Sorry for this misunderstanding.
BR,
Catalin
On 09/14/2015 03:31 PM, Damiano Porta wrote:
HI Catalin,
than you so much for you help.
Yes I found Lucene's FuzzyQuery, but i did not understand one passage. When
I check the term (with typos) against a Lucene Index to find the correct
form, why do I have to use DictionaryNameFinder? I mean..
1. I can create an index with all the correct names
2. CHecking each token against that index to find a match or a word (with a
specific "distance")
3. If I found something i "tag" that word as city without using
DictionaryNameFinder.
I mean, my "dictionary" will be this Lucene's index.
Correct?
Thank you!
Damiano
2015-09-14 13:10 GMT+02:00 Cătălin M. <[email protected]>:
A solution might be to check typos (Gogle, Gooogle) against a Lucene index
that would contain your dictionary of companies, too.
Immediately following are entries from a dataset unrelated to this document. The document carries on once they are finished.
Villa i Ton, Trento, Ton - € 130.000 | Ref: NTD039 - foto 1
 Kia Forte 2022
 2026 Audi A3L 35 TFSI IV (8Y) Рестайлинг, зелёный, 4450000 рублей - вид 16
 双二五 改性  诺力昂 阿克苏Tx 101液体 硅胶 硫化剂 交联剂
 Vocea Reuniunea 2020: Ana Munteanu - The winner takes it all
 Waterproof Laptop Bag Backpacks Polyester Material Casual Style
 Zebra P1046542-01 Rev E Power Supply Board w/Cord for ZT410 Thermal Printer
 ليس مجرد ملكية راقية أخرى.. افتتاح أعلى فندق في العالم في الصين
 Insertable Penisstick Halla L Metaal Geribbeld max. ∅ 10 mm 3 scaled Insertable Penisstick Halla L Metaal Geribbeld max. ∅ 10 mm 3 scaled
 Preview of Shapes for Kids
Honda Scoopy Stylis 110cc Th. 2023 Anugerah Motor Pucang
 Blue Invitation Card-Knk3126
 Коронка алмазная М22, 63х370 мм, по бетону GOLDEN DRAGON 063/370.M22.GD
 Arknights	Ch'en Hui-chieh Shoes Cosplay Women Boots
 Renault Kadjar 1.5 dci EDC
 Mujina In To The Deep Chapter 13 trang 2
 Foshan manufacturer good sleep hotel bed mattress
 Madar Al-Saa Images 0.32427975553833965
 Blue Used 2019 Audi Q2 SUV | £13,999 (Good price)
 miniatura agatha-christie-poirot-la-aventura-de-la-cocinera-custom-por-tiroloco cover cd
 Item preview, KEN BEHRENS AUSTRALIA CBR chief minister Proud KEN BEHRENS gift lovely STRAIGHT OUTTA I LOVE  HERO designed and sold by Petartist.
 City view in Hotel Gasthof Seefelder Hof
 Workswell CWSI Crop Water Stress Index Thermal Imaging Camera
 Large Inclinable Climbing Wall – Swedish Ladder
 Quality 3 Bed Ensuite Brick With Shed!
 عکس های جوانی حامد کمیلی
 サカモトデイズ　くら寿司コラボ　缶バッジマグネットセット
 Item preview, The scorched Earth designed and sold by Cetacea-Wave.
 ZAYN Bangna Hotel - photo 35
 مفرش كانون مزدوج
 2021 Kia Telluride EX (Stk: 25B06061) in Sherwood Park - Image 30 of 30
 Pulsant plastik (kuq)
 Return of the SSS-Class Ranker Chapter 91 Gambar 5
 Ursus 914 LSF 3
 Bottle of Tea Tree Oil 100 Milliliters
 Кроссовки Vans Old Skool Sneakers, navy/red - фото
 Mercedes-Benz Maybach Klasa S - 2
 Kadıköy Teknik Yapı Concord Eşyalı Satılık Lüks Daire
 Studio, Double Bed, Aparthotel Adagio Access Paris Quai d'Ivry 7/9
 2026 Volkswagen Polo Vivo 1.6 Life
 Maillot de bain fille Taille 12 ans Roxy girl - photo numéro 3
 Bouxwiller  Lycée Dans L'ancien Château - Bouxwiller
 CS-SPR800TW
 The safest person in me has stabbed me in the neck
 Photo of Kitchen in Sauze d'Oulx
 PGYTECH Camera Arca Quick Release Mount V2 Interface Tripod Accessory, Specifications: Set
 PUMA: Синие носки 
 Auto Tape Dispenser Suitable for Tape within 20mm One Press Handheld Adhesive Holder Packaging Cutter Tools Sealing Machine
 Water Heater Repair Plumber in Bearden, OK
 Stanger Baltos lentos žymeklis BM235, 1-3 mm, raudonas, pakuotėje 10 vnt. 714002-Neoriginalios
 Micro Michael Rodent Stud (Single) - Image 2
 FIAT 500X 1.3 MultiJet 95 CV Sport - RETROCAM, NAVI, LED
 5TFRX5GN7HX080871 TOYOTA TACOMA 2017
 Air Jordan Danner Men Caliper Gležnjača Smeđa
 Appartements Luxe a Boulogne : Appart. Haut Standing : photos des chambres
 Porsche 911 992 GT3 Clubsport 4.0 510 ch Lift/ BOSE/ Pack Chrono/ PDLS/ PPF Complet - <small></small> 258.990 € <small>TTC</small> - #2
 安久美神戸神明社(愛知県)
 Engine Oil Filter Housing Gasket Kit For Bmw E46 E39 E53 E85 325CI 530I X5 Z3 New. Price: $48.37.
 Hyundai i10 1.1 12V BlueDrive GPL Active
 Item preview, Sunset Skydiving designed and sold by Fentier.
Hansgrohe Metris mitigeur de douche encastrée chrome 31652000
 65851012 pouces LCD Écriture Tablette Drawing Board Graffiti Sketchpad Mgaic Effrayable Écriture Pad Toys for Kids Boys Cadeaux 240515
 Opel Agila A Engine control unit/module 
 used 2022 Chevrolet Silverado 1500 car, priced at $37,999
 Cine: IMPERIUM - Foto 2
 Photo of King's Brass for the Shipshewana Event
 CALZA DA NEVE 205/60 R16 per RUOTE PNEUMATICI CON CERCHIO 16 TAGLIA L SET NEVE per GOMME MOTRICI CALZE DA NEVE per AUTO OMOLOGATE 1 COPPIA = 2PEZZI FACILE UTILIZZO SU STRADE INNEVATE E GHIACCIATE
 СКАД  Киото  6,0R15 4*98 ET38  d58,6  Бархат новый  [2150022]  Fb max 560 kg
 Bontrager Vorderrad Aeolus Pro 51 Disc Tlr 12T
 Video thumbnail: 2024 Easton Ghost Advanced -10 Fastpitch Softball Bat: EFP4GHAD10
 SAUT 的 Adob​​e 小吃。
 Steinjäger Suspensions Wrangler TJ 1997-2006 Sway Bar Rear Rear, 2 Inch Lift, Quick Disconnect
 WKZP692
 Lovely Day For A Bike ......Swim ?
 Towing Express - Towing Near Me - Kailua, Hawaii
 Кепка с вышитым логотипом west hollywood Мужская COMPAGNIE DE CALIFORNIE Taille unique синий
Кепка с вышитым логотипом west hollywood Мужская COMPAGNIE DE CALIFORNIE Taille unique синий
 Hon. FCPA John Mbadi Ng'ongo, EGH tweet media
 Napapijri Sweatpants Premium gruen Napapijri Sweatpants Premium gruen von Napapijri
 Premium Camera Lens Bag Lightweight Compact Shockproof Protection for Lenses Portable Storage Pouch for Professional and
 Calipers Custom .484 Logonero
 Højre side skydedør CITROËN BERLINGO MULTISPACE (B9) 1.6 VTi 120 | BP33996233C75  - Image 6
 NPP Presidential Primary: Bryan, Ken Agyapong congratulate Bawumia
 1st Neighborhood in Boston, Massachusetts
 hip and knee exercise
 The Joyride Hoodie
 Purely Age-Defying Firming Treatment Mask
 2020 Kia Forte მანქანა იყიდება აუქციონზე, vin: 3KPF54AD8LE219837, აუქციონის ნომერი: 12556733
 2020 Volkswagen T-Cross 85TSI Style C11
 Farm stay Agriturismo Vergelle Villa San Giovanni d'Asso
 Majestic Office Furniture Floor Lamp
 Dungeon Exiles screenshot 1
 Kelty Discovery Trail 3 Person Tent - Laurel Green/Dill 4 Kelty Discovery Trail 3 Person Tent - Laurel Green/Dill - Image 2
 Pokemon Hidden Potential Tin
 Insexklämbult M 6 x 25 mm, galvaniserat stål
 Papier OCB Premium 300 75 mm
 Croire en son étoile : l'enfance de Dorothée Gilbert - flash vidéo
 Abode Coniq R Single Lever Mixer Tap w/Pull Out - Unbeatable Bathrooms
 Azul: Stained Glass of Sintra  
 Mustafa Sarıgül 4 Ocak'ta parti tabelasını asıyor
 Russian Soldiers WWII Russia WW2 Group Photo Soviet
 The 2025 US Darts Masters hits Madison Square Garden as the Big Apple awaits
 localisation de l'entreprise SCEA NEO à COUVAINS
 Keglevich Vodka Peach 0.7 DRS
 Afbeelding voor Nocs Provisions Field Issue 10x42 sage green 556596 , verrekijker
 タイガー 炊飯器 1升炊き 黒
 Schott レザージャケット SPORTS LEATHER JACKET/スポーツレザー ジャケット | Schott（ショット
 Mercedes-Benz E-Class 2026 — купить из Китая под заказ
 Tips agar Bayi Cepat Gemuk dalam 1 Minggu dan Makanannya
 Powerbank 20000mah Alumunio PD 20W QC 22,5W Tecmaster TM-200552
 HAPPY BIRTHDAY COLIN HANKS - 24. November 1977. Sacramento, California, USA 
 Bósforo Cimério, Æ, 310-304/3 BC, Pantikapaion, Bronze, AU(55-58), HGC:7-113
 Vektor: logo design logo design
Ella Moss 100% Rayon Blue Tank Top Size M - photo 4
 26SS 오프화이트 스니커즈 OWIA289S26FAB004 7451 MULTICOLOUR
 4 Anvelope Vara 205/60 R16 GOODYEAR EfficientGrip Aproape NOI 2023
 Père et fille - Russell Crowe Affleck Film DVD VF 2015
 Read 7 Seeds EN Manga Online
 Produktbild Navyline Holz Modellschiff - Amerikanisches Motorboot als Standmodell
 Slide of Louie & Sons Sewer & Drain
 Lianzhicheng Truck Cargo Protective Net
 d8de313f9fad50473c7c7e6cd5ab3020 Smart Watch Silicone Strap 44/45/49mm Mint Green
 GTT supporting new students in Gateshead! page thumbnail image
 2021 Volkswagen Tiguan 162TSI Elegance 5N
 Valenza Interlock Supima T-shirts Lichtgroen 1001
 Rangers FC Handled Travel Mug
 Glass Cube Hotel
Using the FuzzyQuery
you would find the correct form => "Google" and then use this correct orm
in your DictionaryNameFinder.
Please let me know if it seems feasible.
BR,
Catalin
On 09/13/2015 10:35 PM, Damiano Porta wrote:
Hi Catalin,
Can i use it with DictionaryNameFinder?
Thanks
Damiano
Il giorno Dom 13 Set 2015 21:08 Catalin Mititelu <
[email protected]>
ha scritto:
Hi Damiano,
You may try Lucene fuzzy query which is based on Levenstein distance.
BR,
Catalin
On 09/13/2015 09:59 PM, Damiano Porta wrote:
Hello,
I have created a very big dictionary of companies, it is around 3M.
At the moment i am using DictionaryNameFinder class, but I need to
implement something to find typos like Gogle/Gooogle Inc etc.
I read something about leveinstain distance, is this implementend in
OpenNLP?
It seems good but i read it takes a lot of times if the words are many
(my
case).
What should i do?
Thanks!
Damiano